■ INSTRUCTIONS TO FOLLOW
Copy the records below exactly, but leave out any picture they contain.
┌─ SOURCE MATERIAL
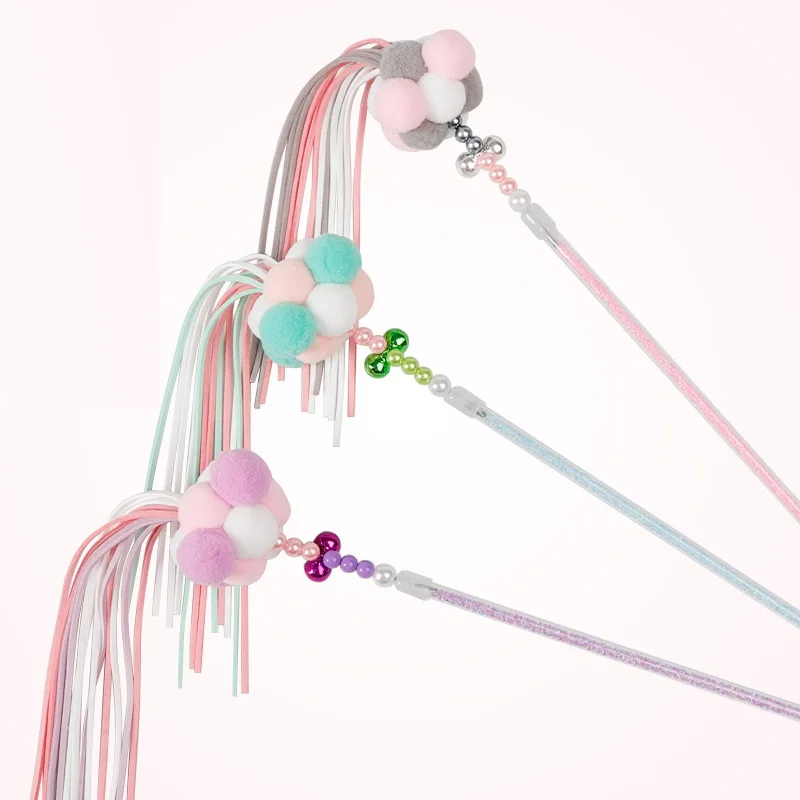 Высококачественная игрушка для кошек с колокольчиком и кисточкой акриловая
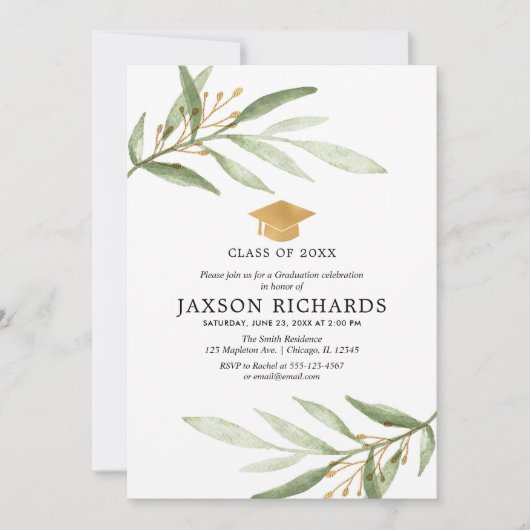 Invitation Diplôme de verdure, gris or vert moderne simple (Devant)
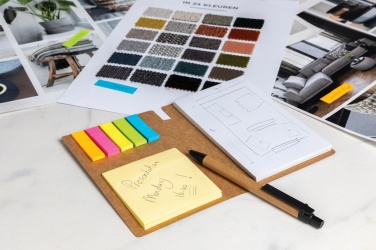 Logo trade corporate gifts image of: Kraft sticky notes A6 booklet with pen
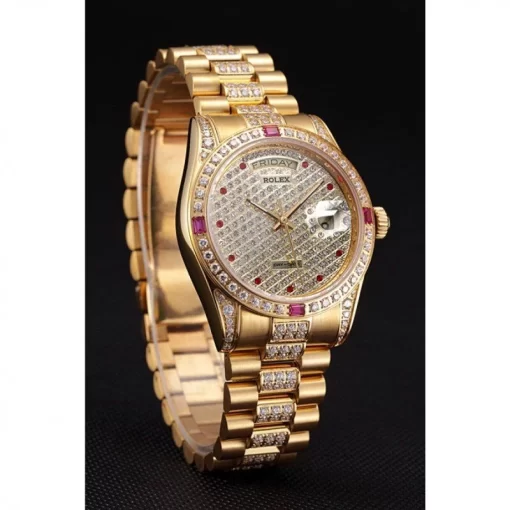 Swiss Rolex Day-Date Diamonds Yellow Gold-SRL184 621614 - 图片 3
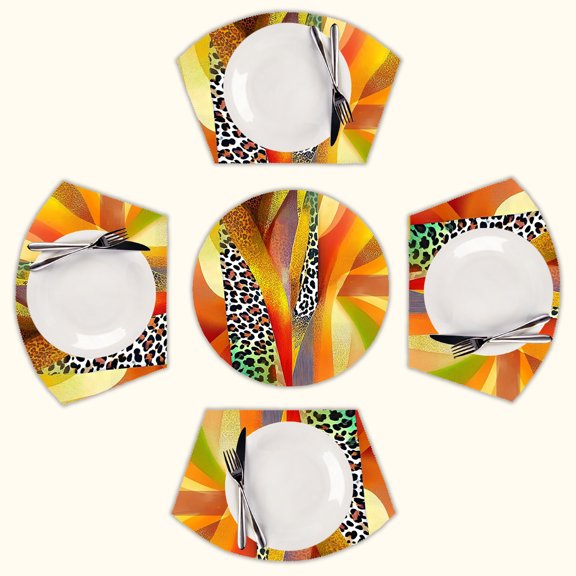 Abstract leopard print design Round Table Placemats Set Of 5 Wedge Table Mats Washable Heat Resistant Place Mat For Dining Table Kitchen Farmhouse Restaurant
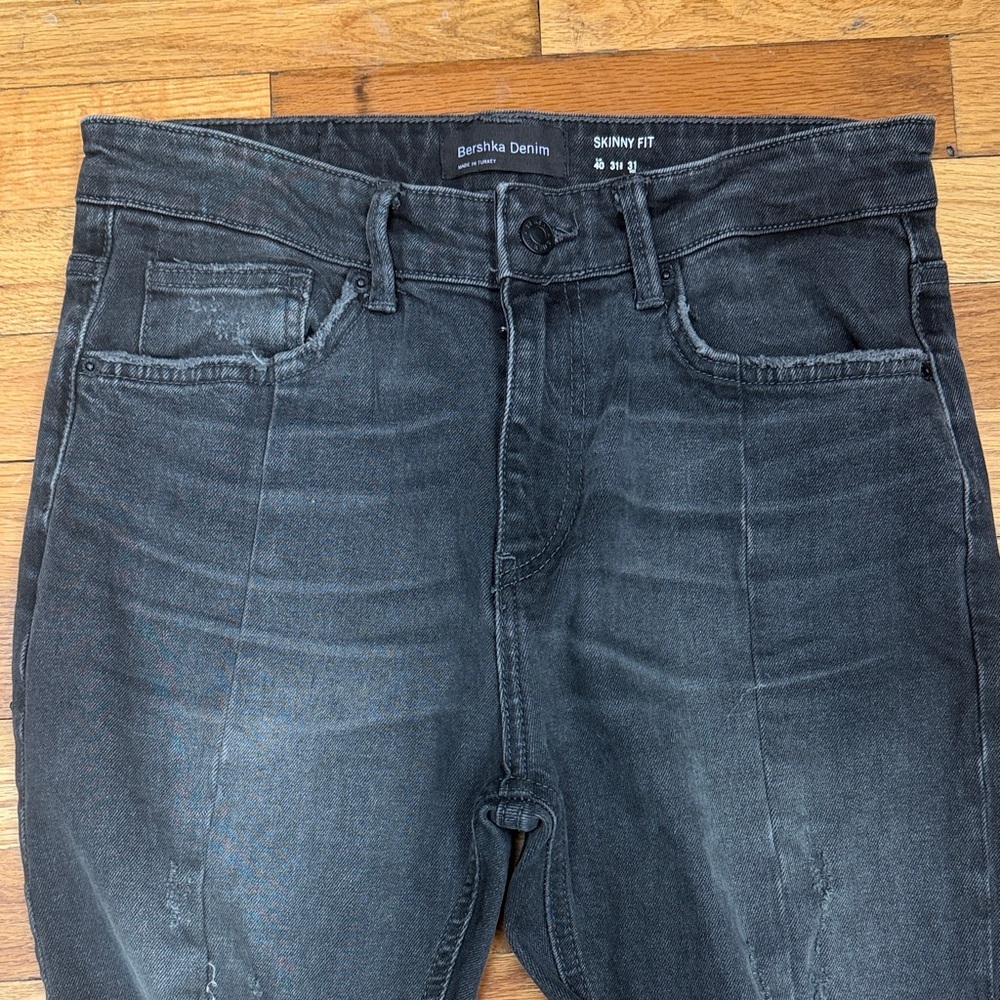 Bershka womens Charcoal Skinny Jeans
└─
■ SOLUTION FOR THIS PROBLEM
 Высококачественная игрушка для кошек с колокольчиком и кисточкой акриловая
 Invitation Diplôme de verdure, gris or vert moderne simple (Devant)
 Logo trade corporate gifts image of: Kraft sticky notes A6 booklet with pen
 Swiss Rolex Day-Date Diamonds Yellow Gold-SRL184 621614 - 图片 3
 Abstract leopard print design Round Table Placemats Set Of 5 Wedge Table Mats Washable Heat Resistant Place Mat For Dining Table Kitchen Farmhouse Restaurant
 Bershka womens Charcoal Skinny Jeans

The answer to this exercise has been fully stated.